_Assignment_
Verbatim copy without images: return all of the data as it stands.

Captioned web images:
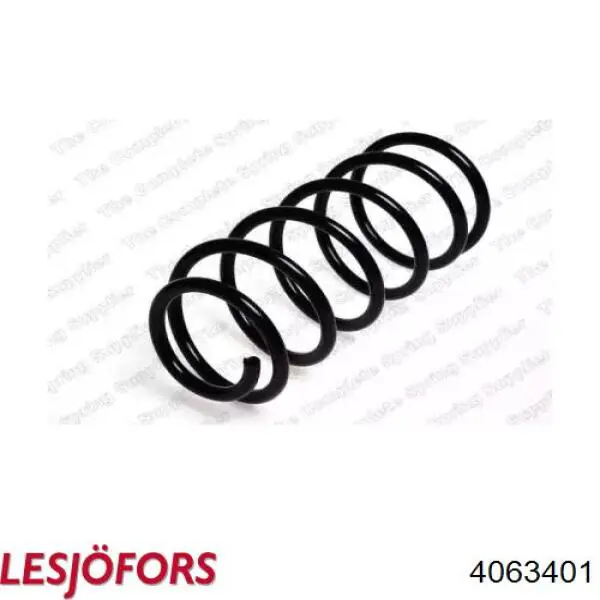 Пружина передня Lesjofors 4063401 ціна, від 19.73 USD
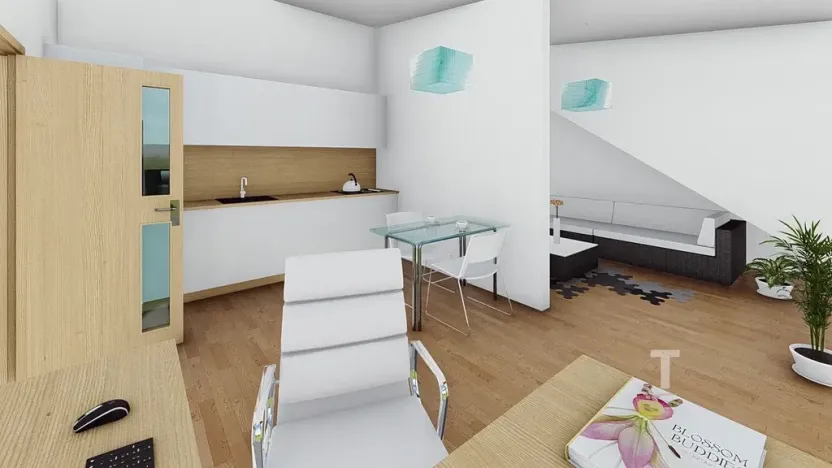 Prodej bytu 1+kk, Brno, Banskobystrická, 47 m2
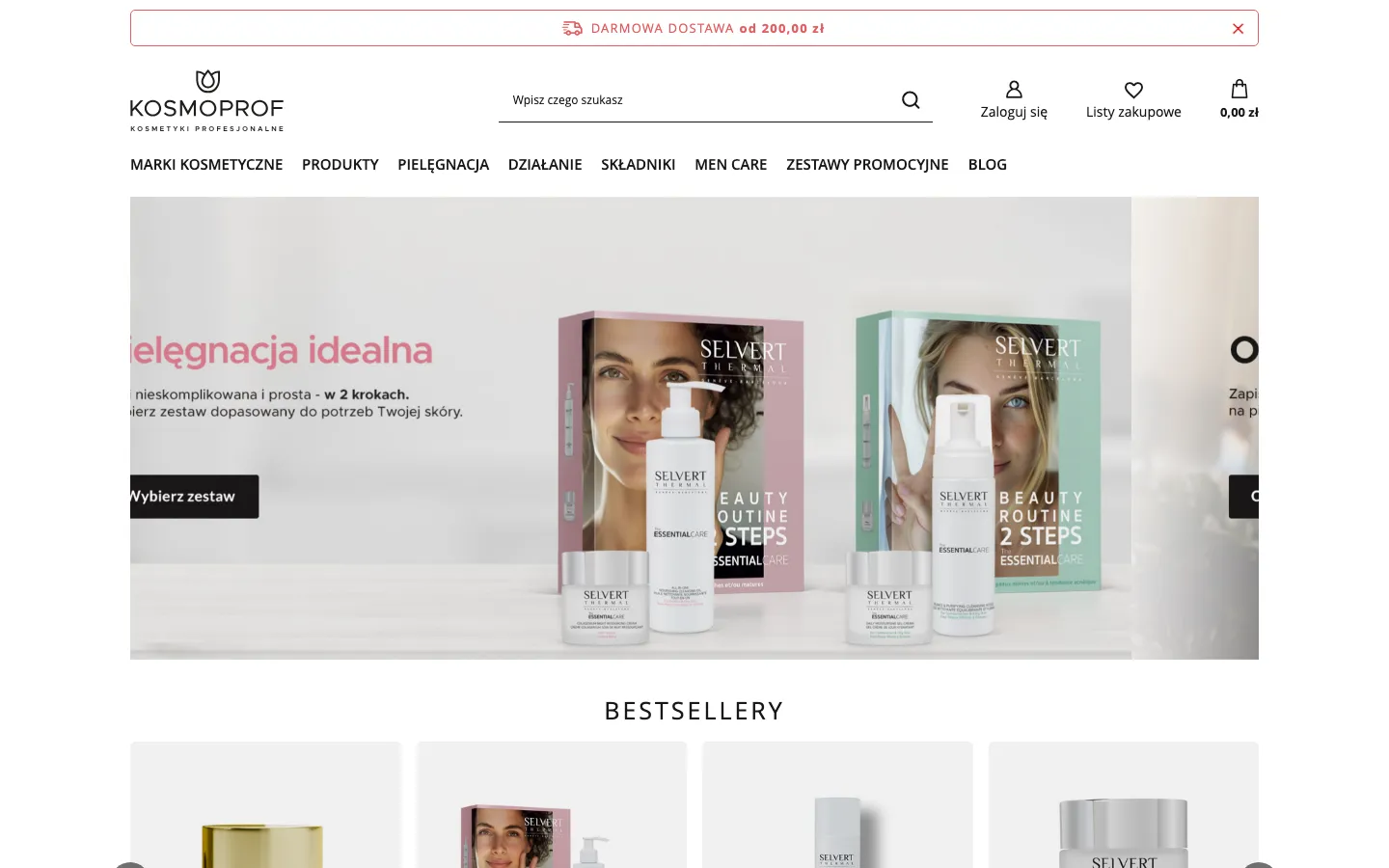 The Kosmoprof store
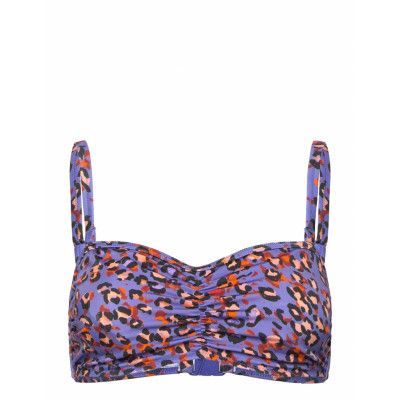 Freya Santiago Nights Uw Bandeau Bikini Top Lila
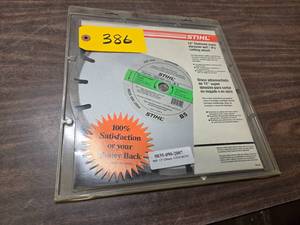 Stihl 12  Diamond Concrete Blade, ...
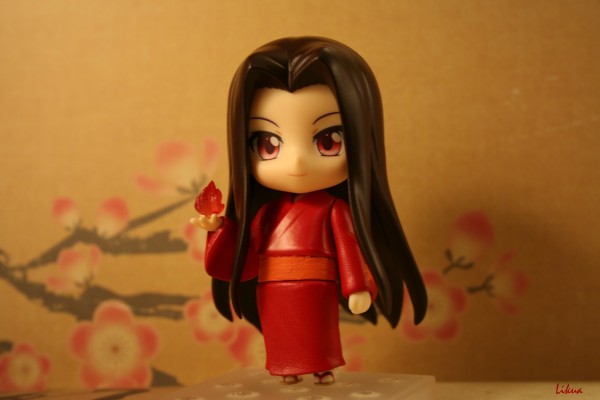 粘土人 #305 东方Project 藤原妹红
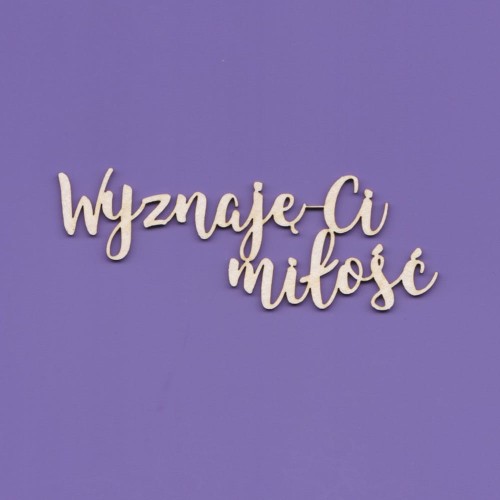 1033 TEKTURKA - WYZNAJĘ CI MIŁOŚĆ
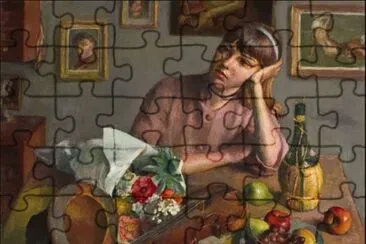 Robert Brackman 1898-1980 jigsaw puzzle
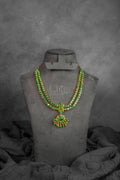 Emerald Kemp Bridal Necklace
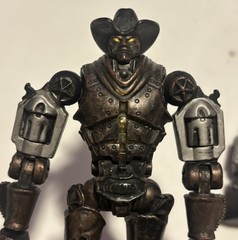 Real Steel Robots Lot Of 2 – Six Shooter & Zeus Jakks Pacific 5” Loose Figures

_Output for this exercise_
 Пружина передня Lesjofors 4063401 ціна, від 19.73 USD
 Prodej bytu 1+kk, Brno, Banskobystrická, 47 m2
 The Kosmoprof store
 Freya Santiago Nights Uw Bandeau Bikini Top Lila
 Stihl 12  Diamond Concrete Blade, ...
 粘土人 #305 东方Project 藤原妹红
 1033 TEKTURKA - WYZNAJĘ CI MIŁOŚĆ
 Robert Brackman 1898-1980 jigsaw puzzle
 Emerald Kemp Bridal Necklace
 Real Steel Robots Lot Of 2 – Six Shooter & Zeus Jakks Pacific 5” Loose Figures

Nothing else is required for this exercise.